I agree with Dennis Edwards (Wangaratta Chronicle letters, 5 September) that the Victorian Police Minister Anthony Carbines should not have described protesters at the March for Australia Melbourne rally held on 31 August 2025 as "unhinged grubs".
However, I will provide the following insights into Thomas Sewell who addressed the protesters on the steps of parliament and who received an enthusiastic reception.
Thomas Sewell is the Hitler venerating leader of the National Socialist Network (NSN).
NSN is a paramilitary organisation whose hate speech has been outlawed.
I have heard this group described as neo Nazis but I understand that there is nothing new about them.
How they dress, their violent street tactics, the way they openly admire Adolf Hitler, call themselves his followers, talk of racial purity (white Australians are "thoroughbreds") and deny the Holocaust.
At 92 years old, Mr Edwards would have been a 12 year old boy at the end of World War 2.
He would recall the world's shock at learning of the atrocities committed by the Nazis.
It is worth revisiting history and understanding the circumstances in which they came to power.
Jane Baker, Wangaratta
An incredible story of patriotism at anti-immigration march
Regarding the letter to the editor from Dennis Edwards (Wangaratta Chronicle, 5 September).
What an effort you and your family made going to the March for Australia on mass migration.
It is so encouraging that many families like yours made the effort.
Who would have ever thought that we average Australians would be reduced to attending marches simply to fight for our values and once beautiful free country.
So sad we are living in a world we don't recognise anymore.
Pat Cushway, Wangaratta
Decades in the making - Celebration of Treaty
We are a nation which rightly celebrates our cultural diversity built on 60,000 years of cultural history, and more recent arrivals to our shores.

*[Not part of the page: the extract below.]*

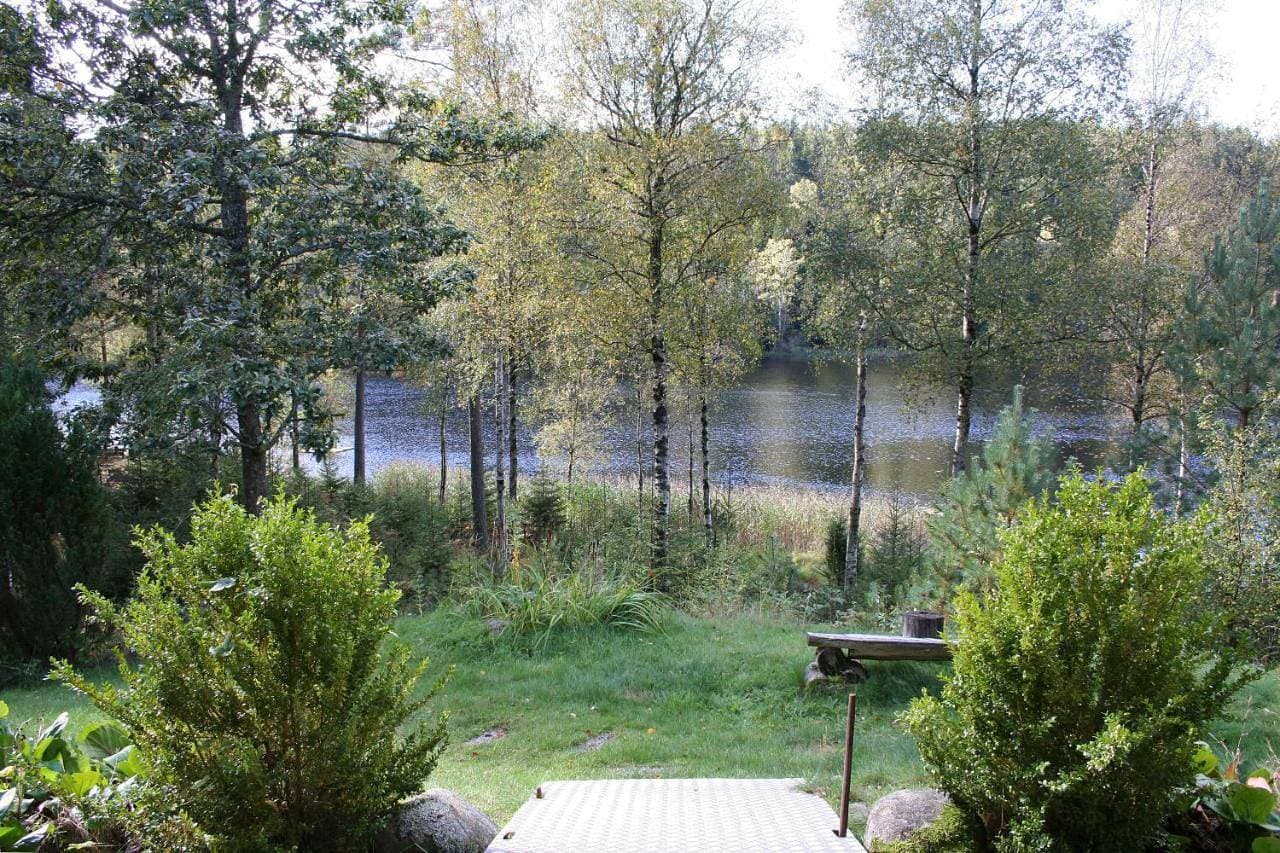Foto 9 von 19: Holiday Home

I attended secondary school in Sunshine with a student population drawn from 43 nations, primarily post-World War 2 migrants.
I had the valuable opportunity to encounter significant cultural diversity at that stage of my life.

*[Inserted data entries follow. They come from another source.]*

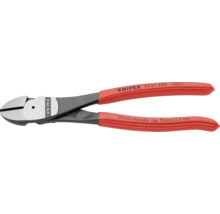 Knipex Kraft-Seitenschneider 200 mm
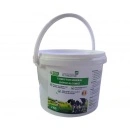 Corector mineral (hipocalcemii) aditiv furajer 2kg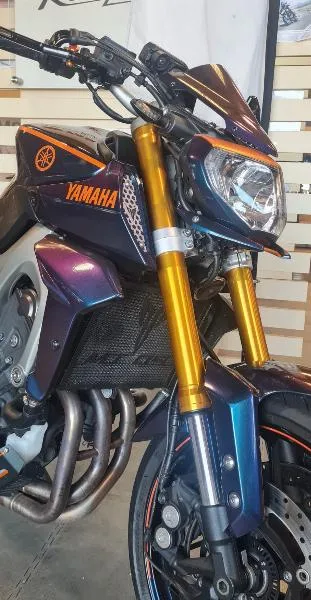 MT09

My life has been continued to be enriched by cultural diversity and continues to grow as I meet with people from First Nations cultures in Australia and more recently in Canada.
After decades of leadership and humility from First Nations people, the very first Treaty Bill in our nation’s history will be introduced into the Victorian Parliament.
This is something to celebrate.
Treaty is all about self-determination – because when it comes to Aboriginal communities, cultures, and lands, the experts have always been Aboriginal people.